In 2018, operations at 11.3.1 are scheduled to transfer to beamline 12.2.1, which has as its source a superconducting bending magnet. This new beamline will have two orders of magnitude more X-ray flux at 0.7749 Å, the typical data collection wavelength, as well as greater access to shorter wavelengths. The existing diffractometry will move to the new beamline, but additional systems are planned. A robotic diffractometer, from SmarAct, which has unlimited rotational access on ω and ϕ as well as high rotation rates, has been purchased, and is currently being commissioned offline. This will increase the data acquisition rate, due to its speed, especially if integrated with a high frame-rate pixel detector, and should be compatible with automated sample changing.

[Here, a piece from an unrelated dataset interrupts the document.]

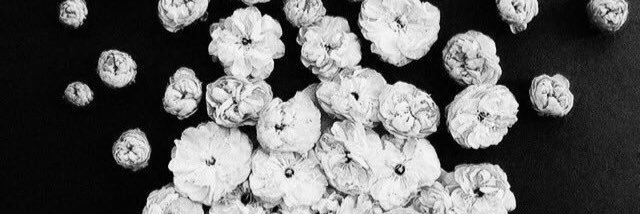 strang_bird's profile banner image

Beamline 12.2.2 will continue to have access to even shorter wavelength radiation than 12.2.1. This capability will be further exploited with the commissioned use of the Stoe Stadi-Vari Eulerian cradle diffractometer. This system will be able to hold 1 kg DACs with 10 μm stability, but will also be able to do ambient-pressure, short-wavelength diffraction, which may be attractive to those desiring charge density data. Both 12.2.1 and 12.2.2 will be equipped with high-resolution monochromators capable of a wide range of energies, and both are planning on incorporating X-ray fluorescence detectors, which will make resonant wavelength experiments much more accessible. In situ capabilities will continue to advance: an environmental gas cell capable of holding 300 bar of pressure will begin commissioning in early 2018.

As a user facility serving scientists worldwide, the Advanced Light Source has earned its reputation for excellence through consulting with its user base and meeting their scientific needs. The chemical crystallography-oriented beamlines at the ALS are no exception, and have succeeded primarily due the beamline scientists dedicating time and energy to giving users what they need. The future for chemical crystallography is bright at the ALS, and with further collaborations with user groups who desire more X-ray flux or access to in situ experiments, it can only become more brilliant.